Ask HN: How to improve the DX for a legacy rails app? - aurelius83
I recently started working on a new team that mostly maintains a legacy rails app.  What are some ways to improve the developer experience?
======
afarrell
One reasonably high-effort way is to make it more modular and testable by
splitting things out into middlewares with Coach:

[https://gocardless.com/blog/getting-started-with-
coach/](https://gocardless.com/blog/getting-started-with-coach/)

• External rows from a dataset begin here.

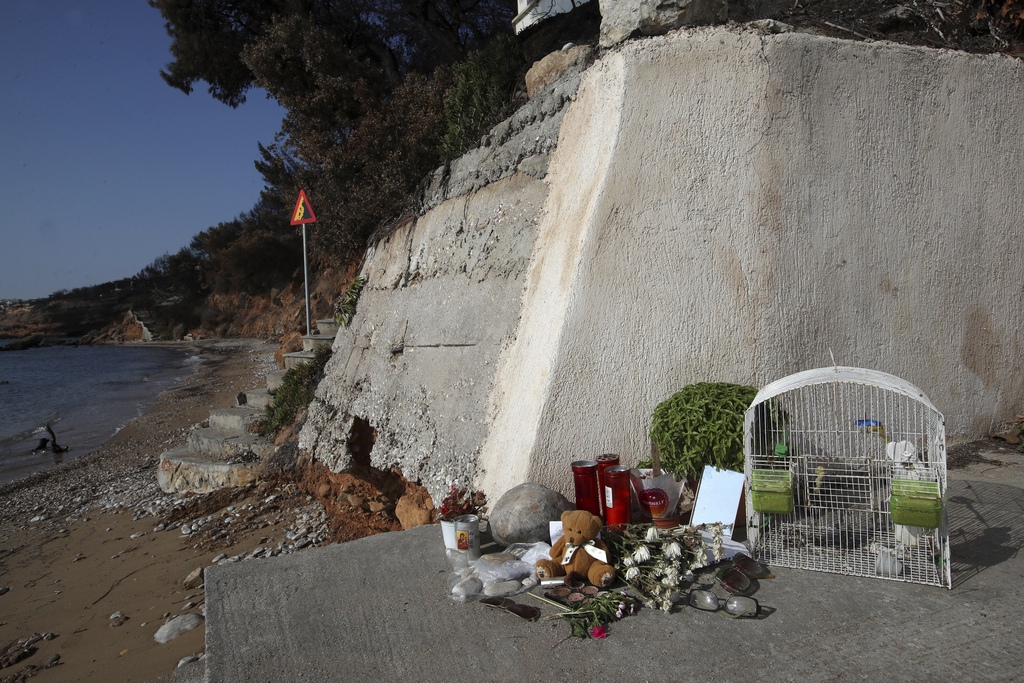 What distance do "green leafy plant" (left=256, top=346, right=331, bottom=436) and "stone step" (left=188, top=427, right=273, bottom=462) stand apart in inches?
8.4

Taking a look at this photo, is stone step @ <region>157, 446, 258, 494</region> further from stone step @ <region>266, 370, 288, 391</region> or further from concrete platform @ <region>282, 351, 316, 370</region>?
concrete platform @ <region>282, 351, 316, 370</region>

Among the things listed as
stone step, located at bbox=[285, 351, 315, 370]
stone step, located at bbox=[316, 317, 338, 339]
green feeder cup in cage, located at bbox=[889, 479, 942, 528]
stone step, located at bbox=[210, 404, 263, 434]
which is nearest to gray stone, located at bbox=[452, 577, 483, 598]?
green feeder cup in cage, located at bbox=[889, 479, 942, 528]

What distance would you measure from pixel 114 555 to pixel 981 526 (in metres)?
6.80

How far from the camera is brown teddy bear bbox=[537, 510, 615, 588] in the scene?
288 cm

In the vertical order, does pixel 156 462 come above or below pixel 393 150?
below

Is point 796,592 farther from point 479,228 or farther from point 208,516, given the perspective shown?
point 208,516

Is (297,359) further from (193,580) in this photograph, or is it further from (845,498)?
(845,498)

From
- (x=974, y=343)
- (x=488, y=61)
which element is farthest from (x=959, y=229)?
(x=488, y=61)

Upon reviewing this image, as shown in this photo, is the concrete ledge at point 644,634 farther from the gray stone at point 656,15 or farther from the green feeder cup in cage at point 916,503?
the gray stone at point 656,15

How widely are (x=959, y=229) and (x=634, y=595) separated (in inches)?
140

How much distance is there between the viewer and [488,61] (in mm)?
7168

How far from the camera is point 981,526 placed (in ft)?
10.7

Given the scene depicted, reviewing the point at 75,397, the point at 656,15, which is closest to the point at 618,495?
the point at 656,15

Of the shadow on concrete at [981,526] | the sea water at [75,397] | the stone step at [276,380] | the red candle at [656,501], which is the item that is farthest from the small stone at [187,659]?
the sea water at [75,397] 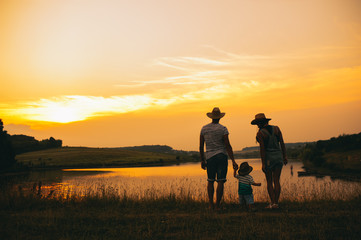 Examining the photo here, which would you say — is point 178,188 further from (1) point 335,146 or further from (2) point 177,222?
(1) point 335,146

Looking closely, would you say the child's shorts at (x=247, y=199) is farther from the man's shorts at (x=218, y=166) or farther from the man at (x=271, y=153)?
the man's shorts at (x=218, y=166)

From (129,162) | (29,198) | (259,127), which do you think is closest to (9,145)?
(129,162)

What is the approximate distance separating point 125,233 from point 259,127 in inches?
189

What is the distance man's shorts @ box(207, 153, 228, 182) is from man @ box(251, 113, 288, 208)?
114cm

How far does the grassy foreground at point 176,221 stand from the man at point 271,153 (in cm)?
56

I’ve worked in this team’s codebase and can confirm it has a rather nice DX,
even as a new joiner with a python background.

——

Who are the people who want to improve the developer experience?

------
sergiotapia
RubyMine to keep your sanity - in large codebases rails is terrible with
ambiguity. You don't know what a variable is, if it's a function, a method in
the class, a helper imported, what.

Then leverage the test suite to understand what something is supposed to do,
naming conventions only take you so far especially if the team wasn't really
disciplined about it.

------
smt88
I've found that great, modern IDEs (like those made by JetBrains for various
languages) have vastly better support for static analysis and, therefore,
refactoring.

What IDE are you using?

Other than that, running integration tests from outside that code base can at
least help you catch errors early.

------
andrei_says_
Maybe watch some Sandi Metz talks together as well as Ben Orenstein’s
refactoring talk and then see if you can align around some practices that you
think could make your lives easier.

Code styleguide is another possible direction.